Considering the role both income and food security play in an individual’s ability to be healthy, the higher occurrence of some SDOH in rural areas hamper patient engagement efforts.
For example, low income can be tied to less healthcare utilization, poorer medication adherence, and other SDOH that affect wellbeing. Meanwhile, food insecurity can seriously exacerbate certain chronic conditions, particularly diet-related illnesses, and can even lead to the development of those illnesses.
Limited broadband & infrastructure
Often considered another in a long list of SDOH affecting patient well-being and engagement, broadband and infrastructure support are outsized issues in rural America.

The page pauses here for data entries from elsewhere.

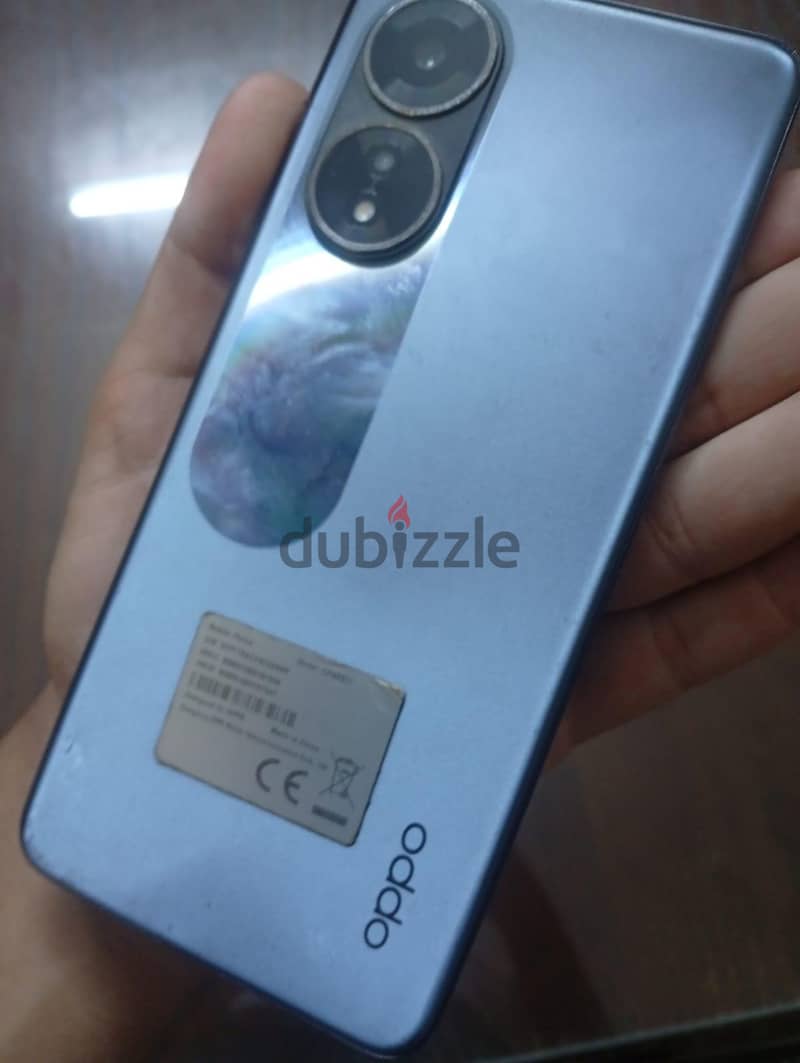 OPPO A57 3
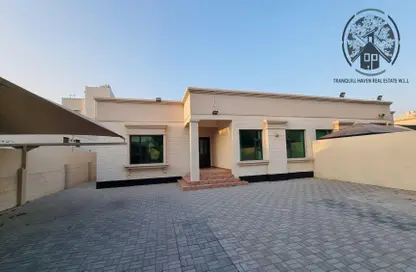 Villa - 4 Bedrooms - 4 Bathrooms for rent in Jurdab - Central Governorate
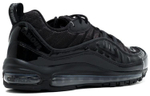 Кроссовки Supreme X Nike Air Max 98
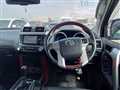 2017 Toyota Land Cruiser Prado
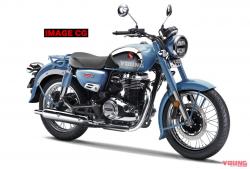 Rumor Honda Siapkan GB350C, Identitas Motor Klasik Lebih Kuat
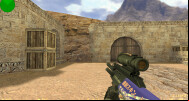  CS 1.6 by Maloy - A Unique Gaming Experience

This is problematic, considering the surge of digital health tools many in the industry tout as being critical to patient engagement and care management.
According to 2019 Federal Communications Commission (FCC) figures (the most recent year for which the FCC had data), there was a 16-percentage-point difference in the number of rural Americans with access to 25/3 Mbps fixed broadband compared to their urban counterparts.
Although broadband providers are making progress in closing the rural-urban infrastructure gap (since 2016, the number of people living in rural areas without access to 25/3 Mbps service has declined by more than 46 percent), this is still a big limitation for healthcare providers looking to use health IT to engage patients.
For example, a May 2023 report in Cureus showed that, despite similar health IT ownership rates, rural patients were less likely to use their digital devices to communicate with their providers than their urban peers. The researchers suggested that this was likely due to inferior broadband and internet access.
This is a bad sign, considering the increased role digital health is playing in care management. Telehealth and remote communication have overhauled the patient-provider relationship, with both parties looking to communicate more outside of the traditional clinic space.
Lack of health IT infrastructure is even getting in the way of patient care access. A January 2024 report in Nature Mental Health outlined a link between limited mental health resources and poor broadband internet access. The researchers indicated that poor broadband hampered efforts to deliver mental healthcare via telehealth. This comes even as virtual care has found a sweet spot in the mental and behavioral health space.
Lower health literacy levels
Adequate health literacy—the ability for patients to find, understand, and use health information—is essential to patient engagement and healthcare self-management. Patients with high health literacy are better equipped to understand the health information their providers give them and understand and apply care management treatments.
Personal health literacy is woefully low in the US, with some estimates saying nearly a third of adults have low health literacy.
But in rural regions, those figures are likely lower.
An October 2020 NIH-backed literature review showed that people living in rural regions tended to have lower health literacy levels. After adjusting for sociodemographics, the team asserted that rurality in itself was not a determinant of health literacy. Factors like educational attainment, sex, and race/ethnicity had stronger links with health literacy.
Still, lower health literacy levels among those living in rural areas can impact overall patient engagement levels.
“Rural communities often experience unique needs based on their geographic location and remoteness,” experts from the Rural Health Information Hub wrote on its website. “Additional needs may include a lack of healthcare providers within certain regions or limited access to culturally and linguistically adapted materials that meet the needs of residents.”
Healthcare providers treating a mostly rural patient population should consider the key strategies for overcoming health literacy challenges: ensuring all written and verbal communication is at a low reading level, ensuring understanding through patient teach-back, and cultural competency and humility.